In cinque anni in Abruzzo 2.728 imprese artigiane in meno, Cna: «Servono misure efficaci»

La Cna Imprenditori d’Italia suona un nuovo campanello d’allarme: in Abruzzo dal 2018 a oggi si sono perse 2.728 imprese artigiane. Il dato emerge dal report realizzatoda Aldo Ronchi per l’associazione di categoria su dati Movimprese. Il dato abruzzese è superato in negativo solo da quello relativo alle Marche, regione che ha la performance peggiore dell’ultimo quinquennio.

Alla fine di dicembre del 2018 le imprese artigiane attive in Abruzzo erano 29.896, scese a fine dicembre del 2023 a 27.168, con ben 2.728 unità in meno. La variazione negativa regionale, pari al -9,12%, ha un valore quasi triplo di quella nazionale, ferma al -3,25%. «Una flessione impressionante che ha visto fare di peggio, come detto, solo le vicine Marche, con una perdita  a doppia cifra: -11,56%», hanno detto stamattina Ronci, il direttore della confederazione artigiana Savino Saraceni e Silvio Calice durante la presentazione dello studio. 

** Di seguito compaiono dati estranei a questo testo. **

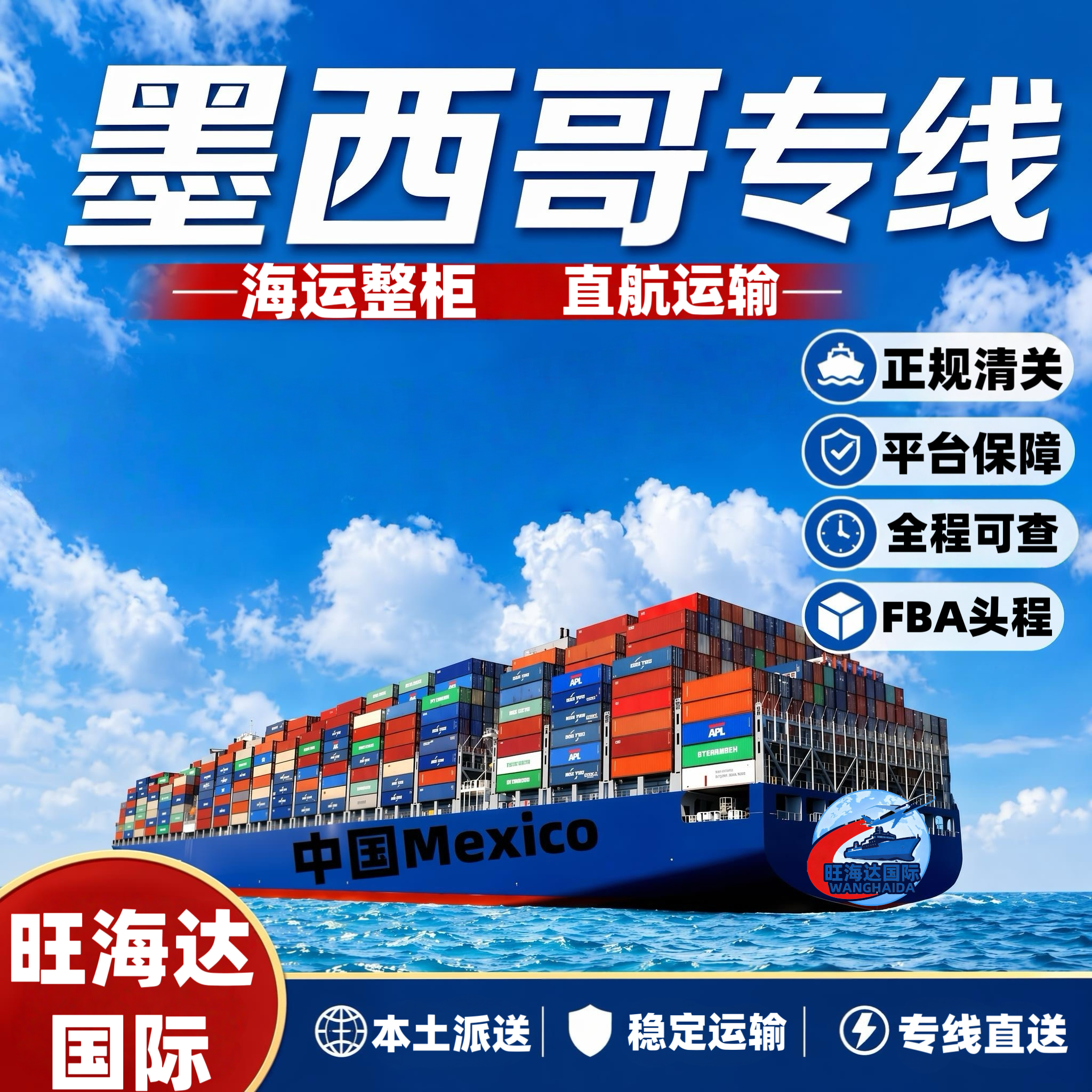 整柜普货直航，国际物流墨西哥专线，墨西哥集运，双清包税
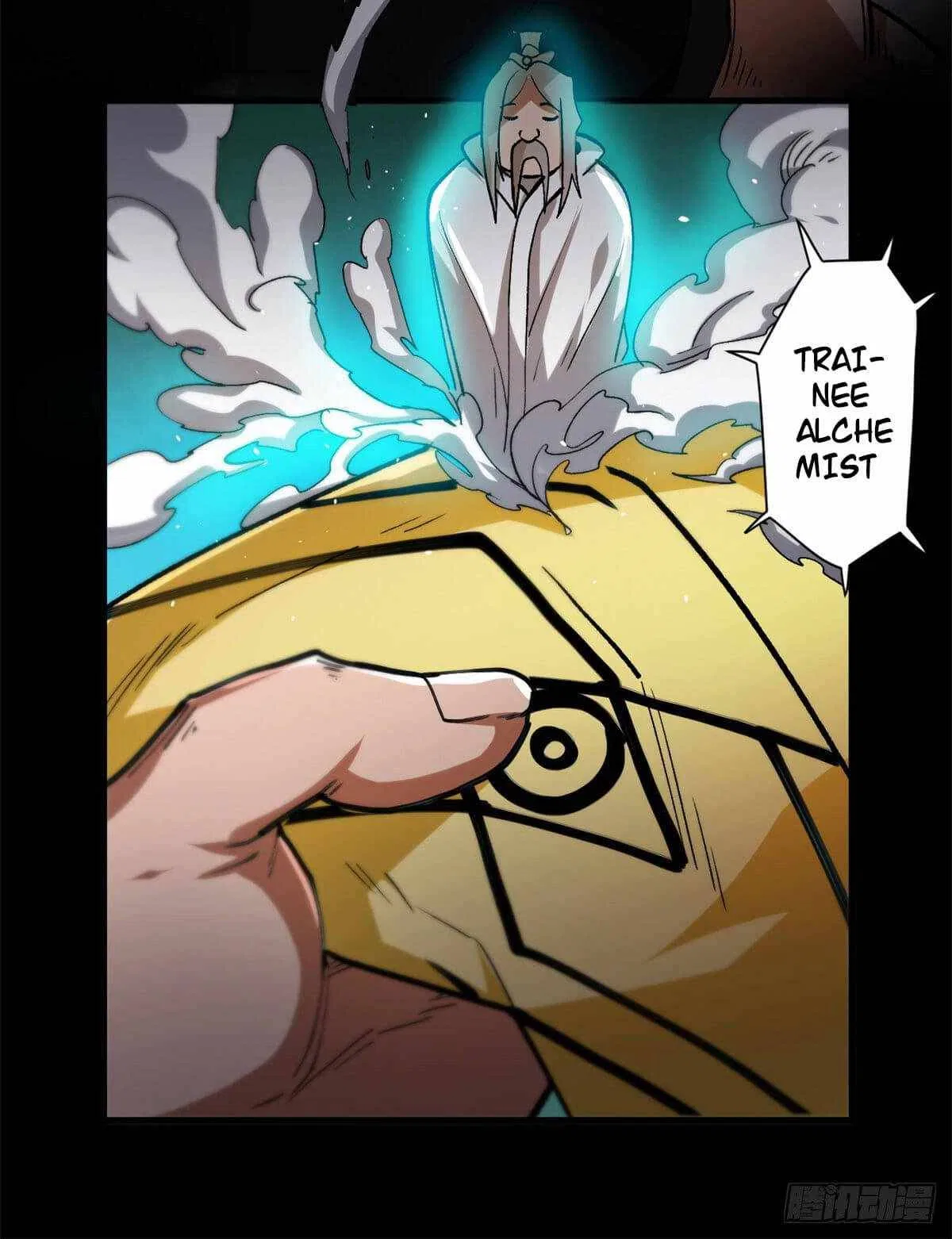 Wheel World Chapter 30 – Page 8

Le cadute più pesanti si registrano in provincia di Pescara (‐861) e in quella di Chieti (‐750); la perdita è più lieve nelle altre due province, all’Aquila (‐560) e a Teramo (‐557). La flessione ha investito tutte le attività economiche: «la più eclatante, forse a sorpresa, arriva dalle costruzioni, che hanno segnato 926 unità in meno, cifra assoluta corrispondente a una perdita, in percentuale, di 15 volte superiore a quella nazionale (‐8,96% contro 0,59%)». Le attività manifatturiere e i trasporti segnano decrementi rispettivamente di 895 e 304 unità: nel caso del manifatturiero, le perdite più significative si sono verificate, nel campo alimentare (‐177), nei prodotti in metallo (‐120) e nell’abbigliamento (‐106). 

La drastica caduta del mondo delle micro e piccola impresa ha diversi fattori ed elementi: «le politiche in materia di accesso al credito; di contenimento dei costi per l’energia; di stimolo all’internazionalizzazione e alla digitalizzazione; sulla trasmissione d’impresa; sulla formazione professionale. Aree che pongono in discussione ancora una volta le scelte della Regione, che in materia di artigianato vanta competenza esclusiva».

«Questi dati negativi – dice Saraceni – vengono da ancor prima il 2018. Quando un artigiano arriva alla chiusura, vuol dire che le ha provate davvero tutte prima di arrendersi. Ecco, noi vorremmo dalla politica scelte in grado di invertire questa tendenza, un cambio di passo in fatto di metodo: deve crescere il valore della concertazione con il mondo delle imprese e delle loro associazioni, per favorire scelte capaci di aggredire queste tendenze negative». 

«È come se ogni anno il nostro territorio avesse visto la chiusura di una fabbrica con 1.300 addetti – commenta Calice – senza contare i danni provocati in termini di coesione sociale, territoriale e previdenziale. Certo, alla flessione concorrono anche fattori giuridici: le norme tutelano di più le società di capitali rispetto all’artigianato, fatto questo che ne spinge molti a cambiare natura giuridica. Ma la spiegazione sta soprattutto nella mancanza di politiche attive a favore delle micro imprese. La Regione ha competenza esclusiva in materia di artigianato, eppure di una buona legge regionale in vigore da anni  resta sin qui applicata solo la prima parte burocratica, non la seconda che contiene norme importanti sulle politiche attive legate a trasmissione d’impresa o altre misure attive. E quanto a grandi progetti come il Pnrr, anche lì non è previsto nulla a favore del settore».